Какое-то время оба молчали, сдвинув брови и опустив глаза. Потом Оболенский чертыхнулся, снова налил себе холодного чаю и равнодушно бросил:

— Да ну их на фиг, эти деньги! Будем изображать кассу взаимопомощи для членов закрытого профсоюза «Жертвы репрессий и тирании». Сегодня же закажу у плотника резную вывеску и прибью над входом.

— Ахмед выручит за краденое не меньше десяти динаров, — виновато предположил Ходжа. — Если его не поймают, конечно…

— Храни аллах! — перекрестился Лев.

— Храни аллах, — автоматически поддержал домулло, едва не повторив тот же жест. — Но… я давно хотел тебя спросить… Лёвушка, только не сердись на меня, ладно?.. Так вот, позволь узнать мне, недостойному, а чего ты вообще добиваешься?

— Давай поконкретнее, — буркнул наш герой, хотя прекрасно понял суть вопроса. Просто до этого он не пытался ответить на него даже самому себе.

— Ты хочешь украсть у богачей всё золото и самому стать богатым? Когда у тебя будет большой дом, много красивых вещей, четыре жены, своя лавка или даже свои караваны — разве ты не бросишь воровство? И разве тебя как законопослушного мусульманина не будут возмущать другие воры, дерзнувшие посягнуть на твою собственность?.. Неужели ты не будешь требовать для них наказания по законам Шариата?

— Ходжа, погоди, дай хоть слово вставить…

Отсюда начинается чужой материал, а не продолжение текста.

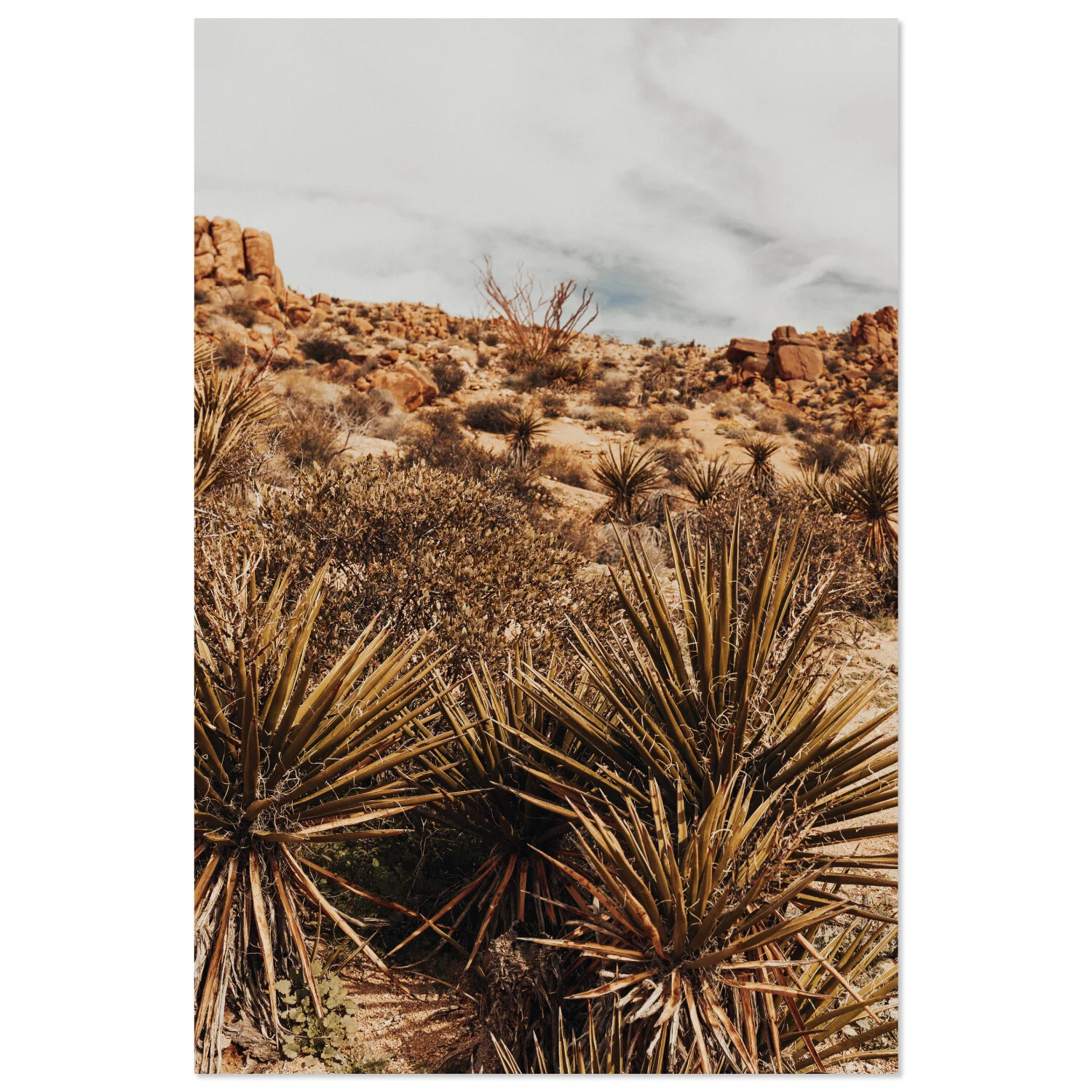 Joshua Tree - 04 * téléchargeable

— Э нет, дорогой Багдадский вор! Раньше ты задавал мне вопросы, а теперь я хочу понять помыслы твоего сердца. — Голос Ходжи Насреддина становился всё твёрже, и каждая фраза била без промаха, как удар эмирского ятагана. — Ты говоришь, что закажешь надпись и будешь помогать всем, кто пострадал от неправедного суда… Ты будешь красть и раздавать другим… Но к чему это приведёт? У людей вновь отнимут их деньги, или же они обленятся и будут пировать на твоей шее!